Now there’s something oddly appealing about this season’s preppy aesthetic that reminds millennials about our funny and wacky adolescent selves. The pure and wonderful us that was so hard on ourselves, and is ready to ride the wave back.
Maybe it’s that NYT article about adolescents wearing $300 luxury perfume, raising the question, are they being corrupted by mass advertising? How will youth economics impact the sales of Tom Ford’s Tobacco Vanille? Maybe it’s also the harsh political climate on college campuses that’s resonating globally.
Last week, President Biden gave a commencement address at Morehouse College and was faced by pro-Palestinian protests, many students walked out during his speech. It also helps that a Kennedy running for President (aren’t they always?), is in the limelight. But I’ll stick to the shoes for this one.
After all, when a shoe from the past wakes us, maybe it's because it's time to join the dance.
A [30 year old], And The Sea
My style still has preppy undercurrents. A broad cut of it stayed in the aughts, but loafers became a part of who I am. My shoes impact how I’ll get dressed in the morning, whether I’m dressing for the rain or not, or if I need to “add weight to a look”, as
, from the Substack ‘The Cereal Aisle’ expertly put it. They’re a fashion stamp that say, been there done that. Sort of like a postcard from the beach.I like the way moccasins and loafers shape my feet, and that I do not have to worry about lacing them. They look good with jeans, dress pants, and swim shorts, and have that ‘old school’ aesthetic. I like wearing my Church’s loafers on early weekend mornings with pajama trousers to take the dog (hi, Ulysse!) out for a walk. I can wear them at night for dinner.
But boat shoes are a different beast. Or, what Vogue dubbed 'the shoe of the year'. They imply conquering the sea.
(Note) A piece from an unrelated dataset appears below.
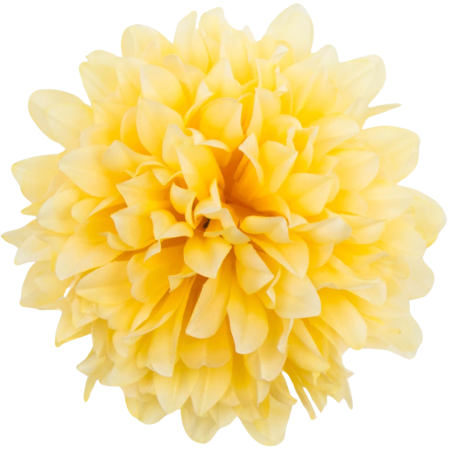[68d7717] Główka chryzantema 7 płatków 13cm jasnożółta 6szt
I was recently reading a loafer matrix to interpret the subtle differences that exist in construction, shape, and hardware between say, a Penny, a Venetian, and a Car-Driving shoe.
I found this matrix fascinating for a few reasons. First of all, this matrix can be implemented across genders. While women’s wear has more verticals, you can shift looks and edit cuts based off this matrix. As you can see, the Moccasin family ranges from the very casual to suit and tie. Say, a walk along the hydrangea-lined hills of Biarritz or dinner at an upscale haunt in Lake Tahoe.
Boat Shoes, A History
The shoes, dubbed ‘preppy’ and ‘all-American’, have been around since 1935. They were popularized throughout the 20th century as the emblematic ‘East Coast Preppy’ shoe, achieving critical mass status in the 1980’s, when they were published in “The Official Preppy Handbook”.
Sperry’s, originally made with white rubber soles to avoid slipping on the deck, were then sold to the US Navy for its Naval Academy sailors to wear in the 1940s. The nautical style gained White House approval in the 1960s, when John F. Kennedy, known for his slim suits and New England style, would wear topsiders.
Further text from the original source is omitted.